Basic Principle of GC–sample vaporized by injection into a heated system, eluted through a column by inert gaseous mobile phase and detected.
Three types: gas – solid chromatography, gas – liquid, gas – bonded phase.
Gas chromatography quickly gained general acceptance because it was introduced at the time when improved analytical controls were required in the petrochemical industries, and new techniques were needed to overcome the limitations of old laboratory methods. Nowadays, gas chromatography is a mature technique, widely used worldwide for the analysis of almost every type of organic compound, even those that are not volatile in their original state but can be converted to volatile derivatives.
Basic GC Chromatography Theory, Concepts and Applications
Gas chromatography is a separation technique in which the components of a sample partition between two phases:
1. The stationary phase.
2. The mobile gas phase.
According to the state of the stationary phase, gas chromatography can be classified in gas-solid chromatography (GSC), where the stationary phase is a solid, and gas-liquid chromatography (GLC) that uses a liquid as stationary phase. GLC is to a great extent more widely used than GSC.

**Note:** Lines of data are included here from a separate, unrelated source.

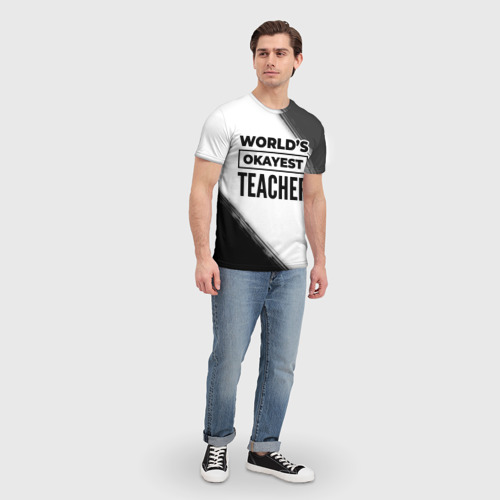 Мужская футболка 3D World's okayest teacher - white, цвет 3D печать - фото 5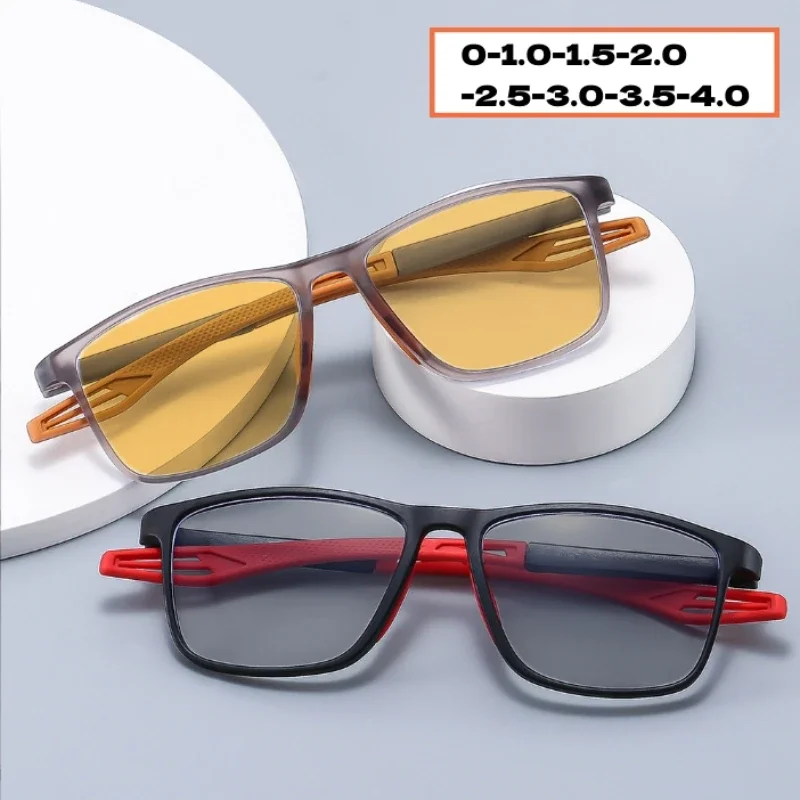 

New Retro Photochromic Sunglasses for Men Women Fashion Flexible Square Sports Eyewear Unisex Vintage Finished Myopia Glasses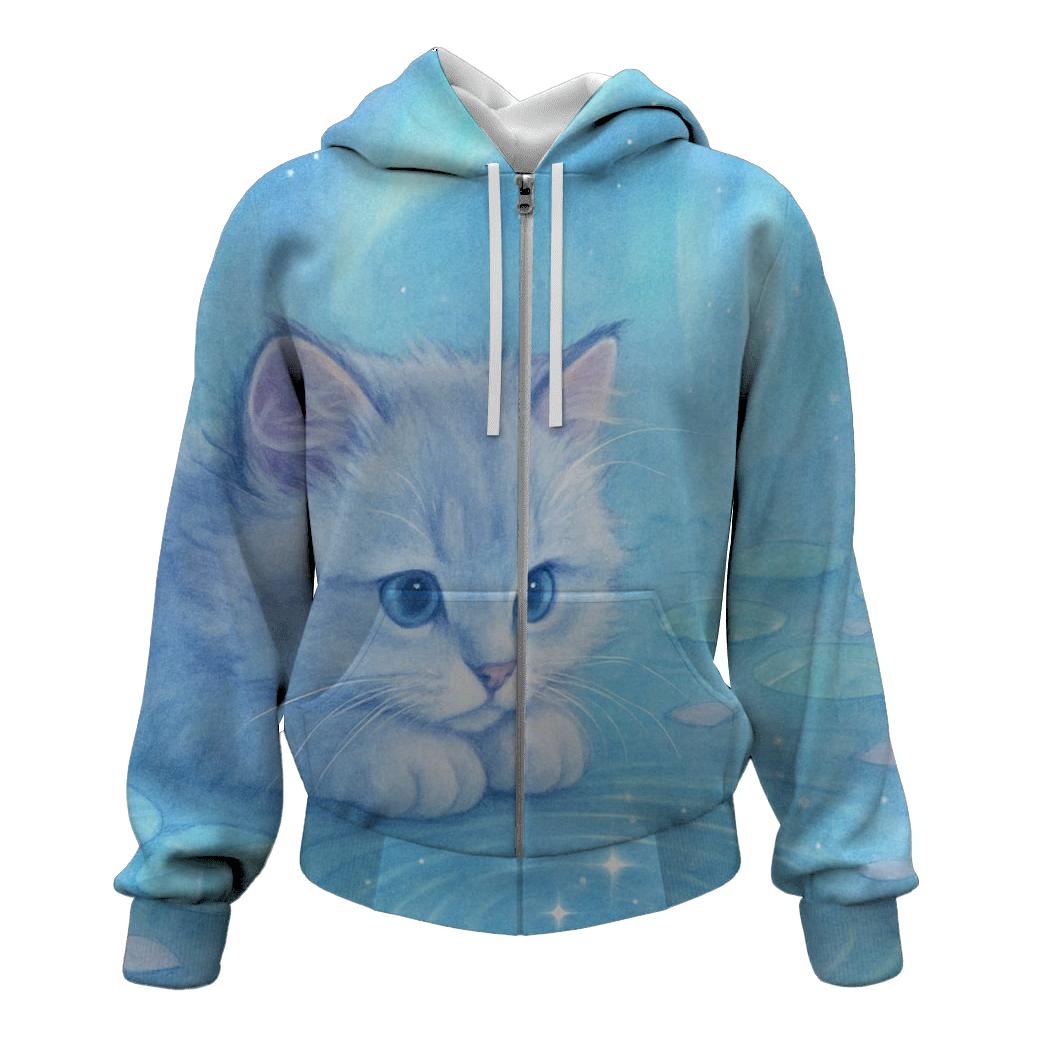 Crystal Pond Stargazer Kitten designer hoodies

Advantages of GC Chromatography
• Due to its high efficiency, GC allows the separation of the components of complex mixtures in a reasonable time.
• Accurate quantitation (usually sharp reproducible peaks are obtained)
• Mature technique with many applications notes available for users.
• Multiple detectors with high sensitivity (ppb) are available, which can also be used in series with a mass spectrometer since MS is a non-destructive technique.